• What to do: All the data below goes into the copy word for word, but the pictures don't.

Given material: Begin

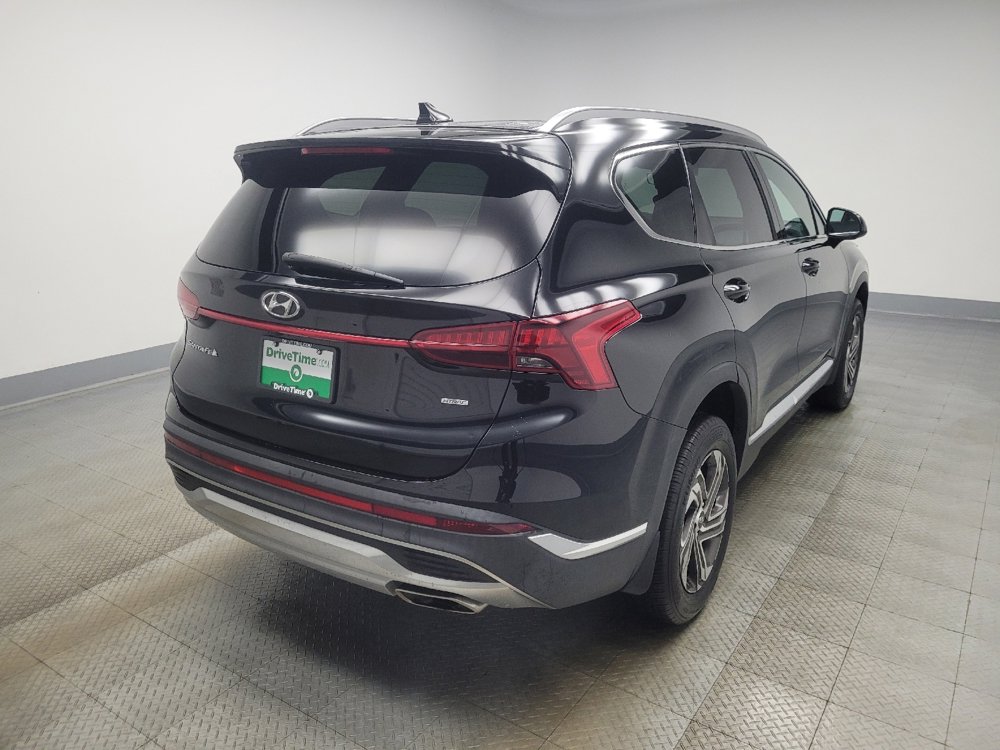 Used 2022 Hyundai Santa Fe SEL image 9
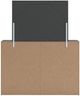 Signature Design by Ashley® Fraluna Charcoal Dresser and Mirror-5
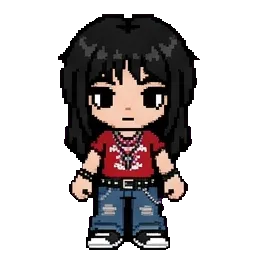 Ksusha sprite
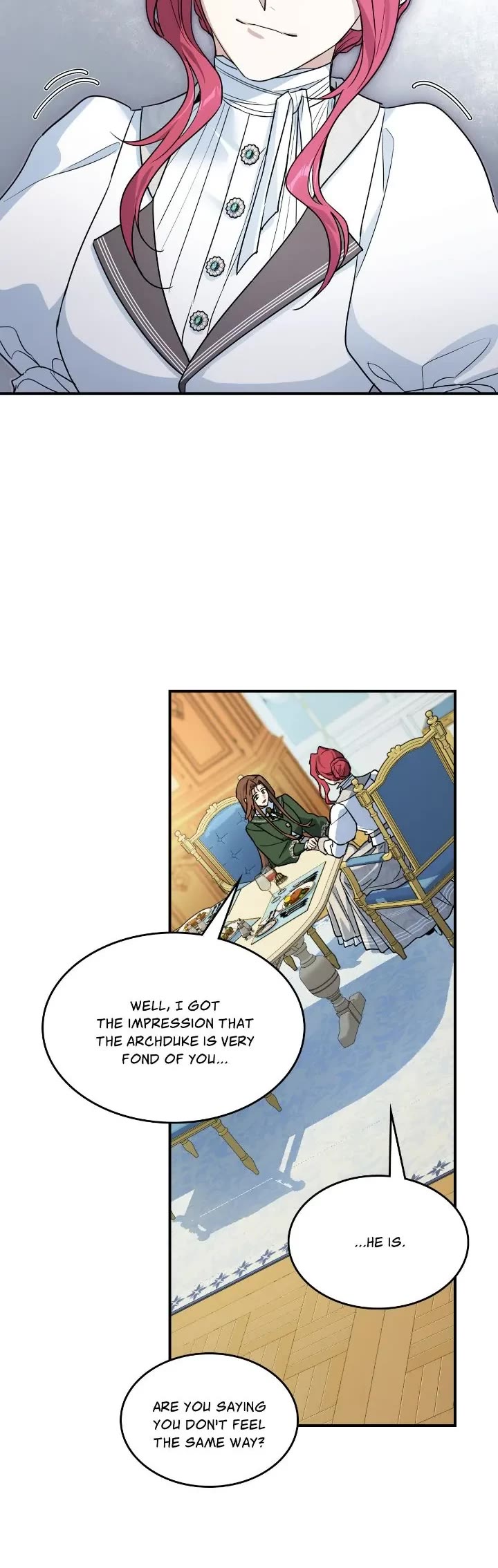 The Lady and the Beast Chapter 145 page 10 - Chapter 145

Given material: End

• Answer section:
 Used 2022 Hyundai Santa Fe SEL image 9
 Signature Design by Ashley® Fraluna Charcoal Dresser and Mirror-5
 Ksusha sprite
 The Lady and the Beast Chapter 145 page 10 - Chapter 145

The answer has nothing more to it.